Words about the Word
October 06, 2017
by Rev. Stan Key
"...Scripture cannot be broken..." (John 10:35, ESV).
Some of the assumptions we have about life are so much a part of the warp and woof of our faith that we are unconscious we even hold them. Like the glasses (for some of us) that sit on our nose, we have become so habituated to wearing them and seeing the world through them, that we aren't even aware of their presence. However, there are moments when it is important to stop looking through the lens and look at them! Do we need a new prescription? Are we seeing things clearly? Are these glasses giving us an accurate picture of the world around us?
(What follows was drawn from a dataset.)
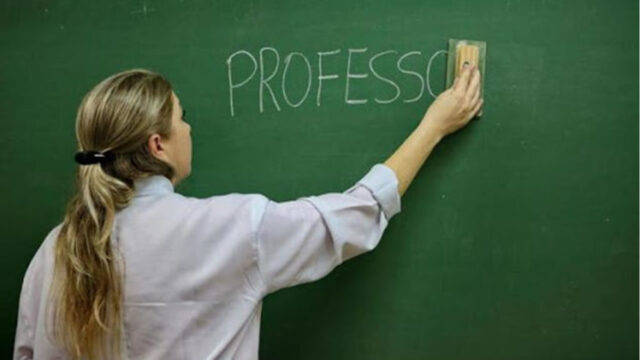 Piso nacional dos professores sobe para R$ 4.420,55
What is true about our glasses is equally true of the Bible. As Christians, we turn to the pages of Scripture instinctively again and again for comfort, guidance and inspiration. Arguments are settled and questions are put to rest once we know what the Bible says about the matter. It is through this Book that we interpret life in this world as well as in the world to come. As children, we were taught that we could have assurance of God's love for us simply because this is what the Book says. Jesus loves me, this I know for the Bible tells me so.
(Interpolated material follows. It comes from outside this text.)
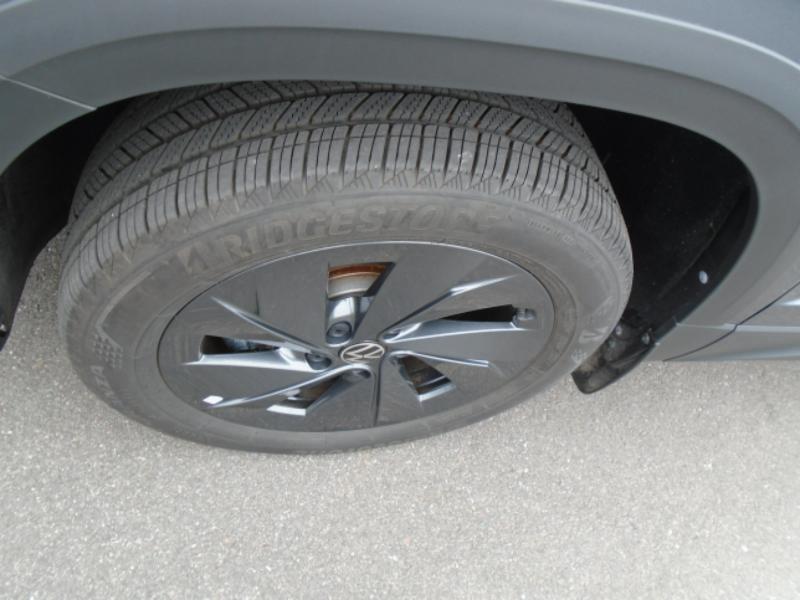 Volkswagen Taos S 2025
Today, I want to encourage us to take off these "glasses" for a moment. Rather than looking through the Bible, I want us to look at it. What is this Book and how did we get it? Who wrote it? How do we know its claims are true? And most importantly, do these "lens" give an accurate description of the truth about God, man and salvation... or should we exchange these "glasses" for another pair?
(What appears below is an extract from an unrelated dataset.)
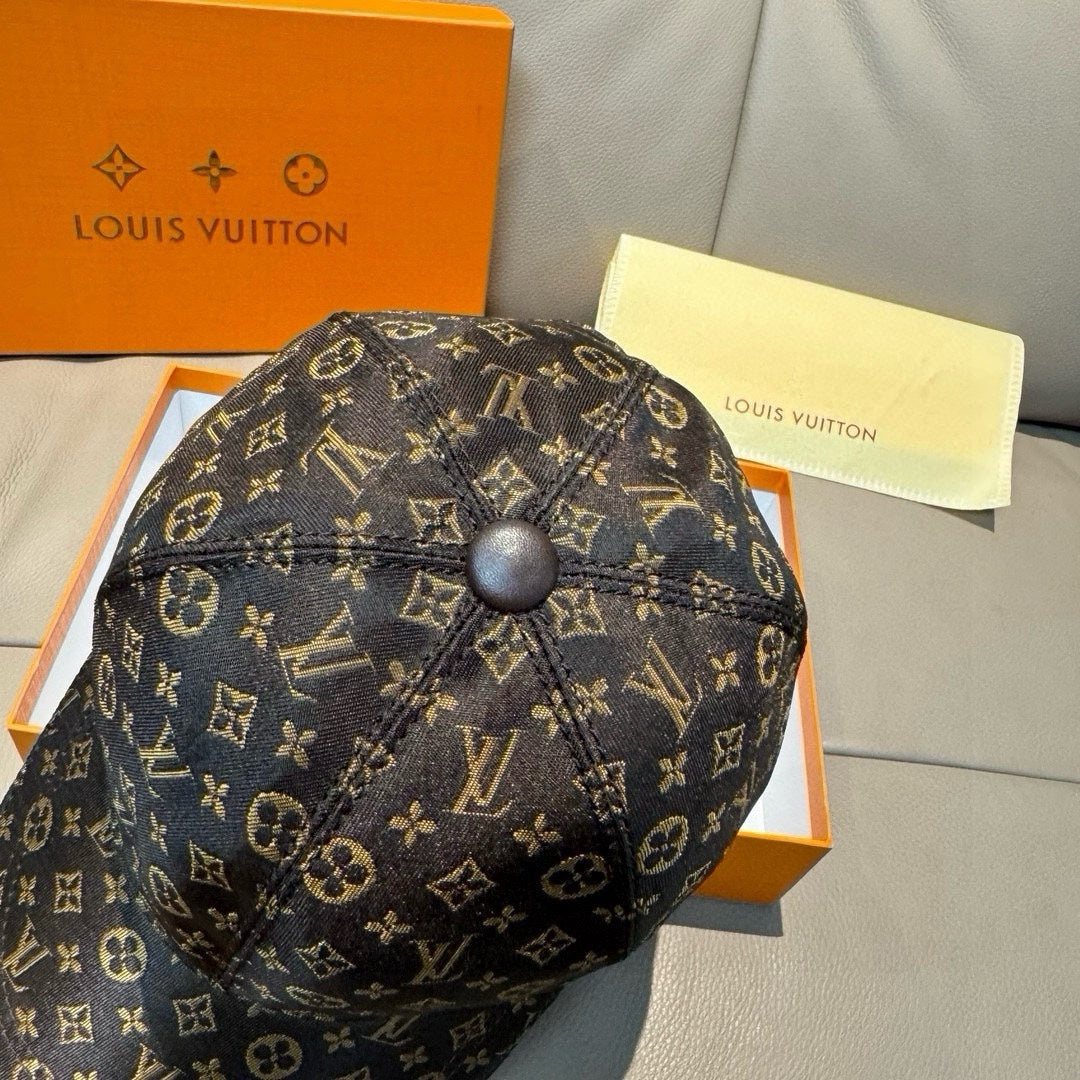 LuxluxHouse Best Quality Caps Louis Vuitton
In July 1974, some 4,000 members of the Church of Jesus Christ from more than 150 nations gathered in Lausanne, Switzerland for the International Congress on World Evangelization. In an effort to affirm their common faith as disciples of Jesus, the participants drew up and signed "The Lausanne Covenant." For almost four decades this document has served as a global expression of biblical Christianity for followers of Christ from a multitude of nations and differing theological traditions. The second article in the Covenant was on the Bible. It is a beautiful and succinct expression of what Christians everywhere and in every age have believed about the book that is so foundational to all that we hold dear. Read it slowly. Every word is important. Let it lead you from theology to doxology!
We affirm the divine inspiration, truthfulness and authority of both Old and New Testament Scriptures in their entirety as the only written Word of God, without error in all that it affirms, and the only infallible rule of faith and practice. We also affirm the power of God's Word to accomplish his purpose of salvation. The message of the Bible is addressed to all mankind. For God's revelation in Christ and in Scripture is unchangeable. Through it the Holy Spirit still speaks today. He illumines the minds of God's people in every culture to perceive its truth freshly through their own eyes and thus discloses to the whole church ever more of the many-colored wisdom of God. (2 Timothy 3:16; 2 Peter 1:21; John 10:35; Isaiah 55:11; 1 Corinthians 1:21; Romans 1:16; Matthew 5:17-18; Jude 3; Ephesians 1:17-18; 3:10, 18).